How to create auto increment IDs in Cassandra

Question

We know that it is easy to create auto increment IDs in SQL databases, is there a good solution for it in Cassandra? The IDs should be for key or column name.

Related: [Cassandra: Generate a unique ID](http://stackoverflow.com/q/16084573/2390083) — Beryllium, Aug 19 '13 at 21:25
The moment you ask yourself, "how do I replicate X functionality from XYZsql database" you are almost guaranteed to be using cassandra wrong. Back up and examine your requirements again. — Michael, Aug 30 '14 at 22:05

score 42 · Answer 1 · edited Nov 16 '19 at 16:56

42

How about the following, using Cassandra's Lightweight transactions

1 - Create IDs table:

CREATE TABLE ids (
  id_name varchar,
  next_id int,
  PRIMARY KEY (id_name)
)

2 - Insert every id you'd like to use a global sequence with

For example:

INSERT INTO ids (id_name, next_id)
VALUES ('person_id', 1)

3 - Then, when inserting to a table where you'd like to use an auto-incremented key, do the following:

3.1 - Get the next_id from the ids table:

SELECT next_id FROM ids WHERE id_name = 'person_id'

Let's say the result is next_id = 1

3.2 - Increment next_id, the following way:

UPDATE ids SET next_id = 2 WHERE id_name = 'person_id' IF next_id = 1

The result should look like this:

[{[applied]: True}]

If it was updated successfully, OR

[{[applied]: False, next_id: 2}]

If someone else has already updated it.

So, if you got True, use id '1' - it is yours. Otherwise, increment next_id (or just use the returned next_id) and repeat the process.

edited Nov 16 '19 at 16:56

snovelli

5,804
2
37
50

answered Apr 01 '15 at 13:16

AlonL

6,100
3
33
32

How would you account for replication if you're using a cluster? – Panama Jack Apr 07 '18 at 01:32
If we put this in a separate spring boot service, will this work with multiple instances? – Saurabh Dec 19 '18 at 21:34
1

this is good solution however keep in mind that if you have many concurrent threads generating the ID, you might have lots of "retries" and it will eat lots of connections from the pool. So be careful with this approach. – walv Dec 05 '19 at 21:33
4

This pattern is called `Optimistic Locking` – Maxim Jun 02 '20 at 10:55
1

i would use counters – Kat Lim Ruiz Sep 17 '20 at 20:09
Regarding the two parts in: "Otherwise, increment next_id (or just use the returned next_id) and repeat the process.": "Repeat the process" refers to the next time one wants to get another id ( (different from the current transaction/flow, in which the id would already have been satisfactorily obtained by the first part increment next_id (or just use the returned next_id)? – PCH Mar 28 '23 at 17:34
@PCH No, if you got "False", meaning it did not apply - you were not able to obtain the next ID, so you should increment the number and try again. – AlonL Apr 12 '23 at 05:05

score 42 · Answer 2 · edited Feb 09 '18 at 19:06

42

Creating a global sequential sequence of number does not really make any sense in a distributed system. Use UUIDs.

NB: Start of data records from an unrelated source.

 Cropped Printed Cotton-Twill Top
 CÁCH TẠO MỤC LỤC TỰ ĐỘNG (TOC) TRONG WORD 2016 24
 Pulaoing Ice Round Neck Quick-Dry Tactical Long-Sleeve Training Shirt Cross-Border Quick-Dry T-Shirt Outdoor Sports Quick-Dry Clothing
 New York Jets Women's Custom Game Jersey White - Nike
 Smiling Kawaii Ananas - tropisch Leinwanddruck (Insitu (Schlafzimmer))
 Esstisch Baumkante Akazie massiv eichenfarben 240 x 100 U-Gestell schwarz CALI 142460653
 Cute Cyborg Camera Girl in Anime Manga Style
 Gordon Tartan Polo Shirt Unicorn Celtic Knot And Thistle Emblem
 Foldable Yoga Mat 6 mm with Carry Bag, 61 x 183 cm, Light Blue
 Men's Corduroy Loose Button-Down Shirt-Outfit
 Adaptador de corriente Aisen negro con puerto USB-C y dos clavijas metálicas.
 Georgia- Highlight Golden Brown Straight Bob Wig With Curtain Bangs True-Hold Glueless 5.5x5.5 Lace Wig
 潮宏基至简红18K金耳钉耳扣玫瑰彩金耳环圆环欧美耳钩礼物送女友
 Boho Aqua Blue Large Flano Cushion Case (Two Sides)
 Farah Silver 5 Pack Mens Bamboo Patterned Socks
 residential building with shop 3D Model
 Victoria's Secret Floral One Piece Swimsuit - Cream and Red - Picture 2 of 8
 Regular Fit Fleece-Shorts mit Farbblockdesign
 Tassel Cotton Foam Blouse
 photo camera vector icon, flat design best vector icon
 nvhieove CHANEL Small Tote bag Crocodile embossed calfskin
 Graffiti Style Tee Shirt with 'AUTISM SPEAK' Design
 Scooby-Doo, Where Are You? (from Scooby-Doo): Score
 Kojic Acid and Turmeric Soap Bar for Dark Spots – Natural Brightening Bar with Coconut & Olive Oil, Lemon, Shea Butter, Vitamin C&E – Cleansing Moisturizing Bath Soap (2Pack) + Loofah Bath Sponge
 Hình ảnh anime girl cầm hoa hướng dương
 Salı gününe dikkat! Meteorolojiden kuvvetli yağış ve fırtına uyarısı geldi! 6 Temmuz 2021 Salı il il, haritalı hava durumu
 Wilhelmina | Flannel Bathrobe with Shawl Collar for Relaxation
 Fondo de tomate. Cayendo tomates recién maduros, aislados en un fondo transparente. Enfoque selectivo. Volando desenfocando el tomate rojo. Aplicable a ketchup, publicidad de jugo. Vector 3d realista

(Because you would have to make all participants agree and accept the evolution of the sequence -- under a naive implementation)

edited Feb 09 '18 at 19:06

rogerdpack

62,887
36
269
388

answered Oct 21 '10 at 11:40

Luis Matta

445
3
2

3

Cassandra supports counters (https://cassandra.apache.org/doc/cql3/CQL.html#counters), there are some limitations though. – Piyush Kansal Jan 17 '15 at 00:31
1

Short preview: primary limitation is that all other columns in your Cassandra table need to be part of the primary key. – Nishant Kelkar Feb 08 '16 at 22:22
https://cassandra.apache.org/doc/cql3/CQL.html#counters This link is dead – Harish Jan 15 '17 at 00:37
1

I totally agree with the fact that you should use UUIDs, however if you replace some legacy DB with Cassandra and you need to maintain numbers as IDs because numbers are used everywhere across the app and also are part of your API, then UUIDs won't work – walv Dec 05 '19 at 21:36
I also agree with your statement, but it doesn't help with the OP's question... and there are some good reasons that you might need an incrementing counter, even in a distributed DB. I just had a situation where a PO didn't like seeing UUIDs on the UI and asked for a "prettier" unique identifier, so we introduced an incrementing counter (which isn't the PK, but satisfies the requirement). Introducing new persistence services was *not* an option at this point. It may happen to you!!! – Tom Jun 29 '20 at 20:38
Using Auto incremented IDs to display to the user as a sequenced number is not good idea, And it should be done manually, Because sometime gap happened between auto incremented IDs and you can't explain these gaps to the user. – adramazany May 05 '23 at 09:25

score 16 · Answer 3 · answered Oct 21 '10 at 10:19

There is no good solution.

Create a column with a number, increase the number and save it to all replicas together with a temporary id, read all replicas and check if the temporary id is "yours", if not do it again.. not a great solution and will not scale.

or

Build your own id service where you fetch your next id. This service will only be run in a single instance and will be a non scaling scary factor.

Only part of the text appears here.